Può apparire paradossale, in una guerra in corso, parlare di sostenibilità. Eppure è un grande tema, non da oggi, da inserire nel mosaico progettuale di civiltà che occorre perseguire.
Chatham House, in una riflessione assai interessante (Towards a global plastics treaty), scrive: With the ongoing Russian invasion of Ukraine, the world has shifted into a period of renewed geopolitical conflict. The multilateral system and its institutions – cornerstones of the existing global order – are straining to deal with these rapidly changing circumstances. These are new challenges for global sustainability. Yet, an important element to the solution to this conflict, could also be a green one.

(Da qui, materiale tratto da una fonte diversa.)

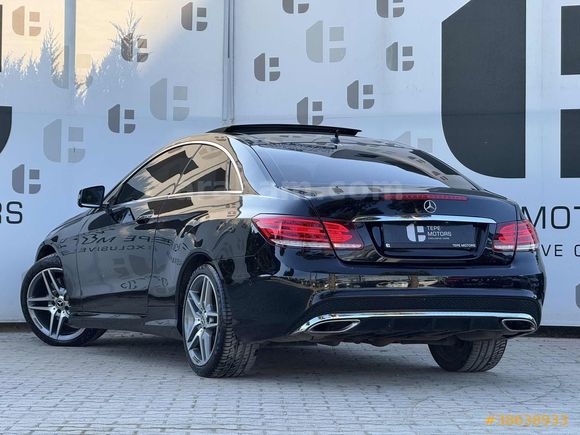 2016 E250 AMG SOĞUTMA HARMAN NAVİGASYON 360 KAMERA CARPLAY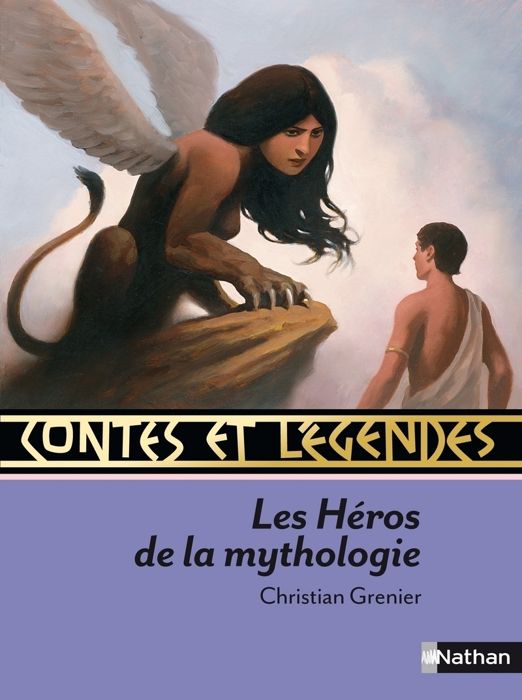 Les héros de la mythologie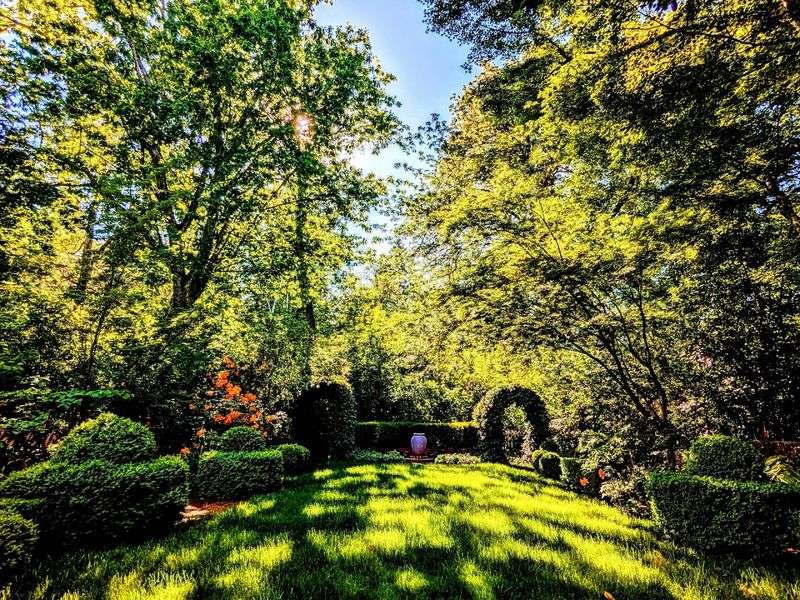 The Great Room Garden and Ceremony Space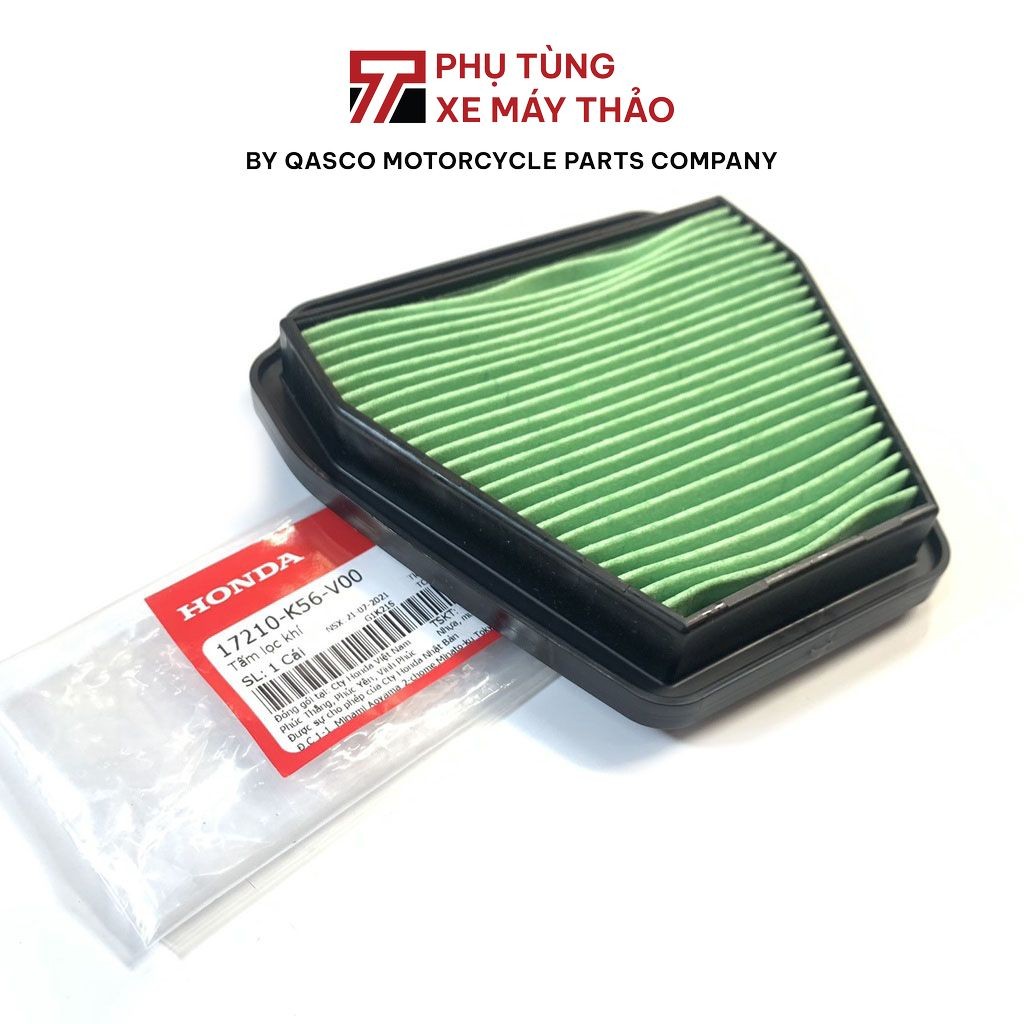 HONDA Winner 150 V1 / Sonic (RS150 V1 V2) กรองอากาศ |17210-K56-V00_8B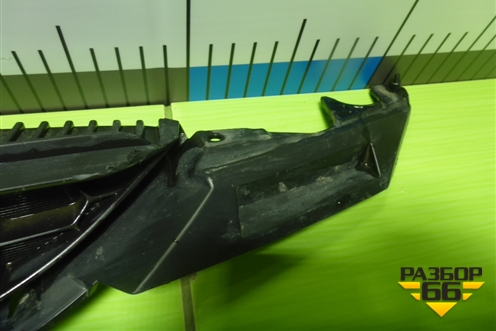 Решетка радиатора (D65150711) для Mazda Mazda 2 (DE) с 2007г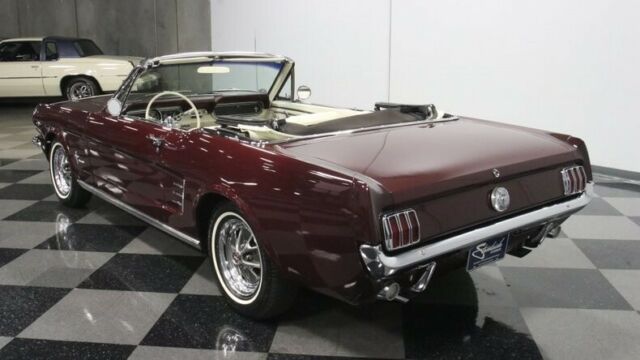 Ford Mustang 1966 image number 33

La pace intesa in senso complesso e sostanziale può essere perseguita solo guardando a scelte strategiche che vadano nella direzione della de-escalation: non immaginiamo un mondo che improvvisamente cessi le guerre o elimini la violenza da sé ma intendiamo contribuire a costruire un mondo che sappia gestire gli inevitabili conflitti tra persone e tra sistemi e che, politicamente, adotti la scelta ecologica nel quadro più ampio dell’ “ecologia umana”.
Tale scelta, dai trattati e dai consessi internazionali fino alle scelte di responsabilità individuale, ci porterebbe inevitabilmente dentro la dimensione profondamente poliitica del governo della Storia (che passa da ciascuno di noi). Ci vogliono, evidentemente, cooperazione nella competizione, sistematicità nell’approccio, talento della mediazione e della visione. Tutte cose che non possiamo limitarci a delegare o, peggio ancora, a declamare.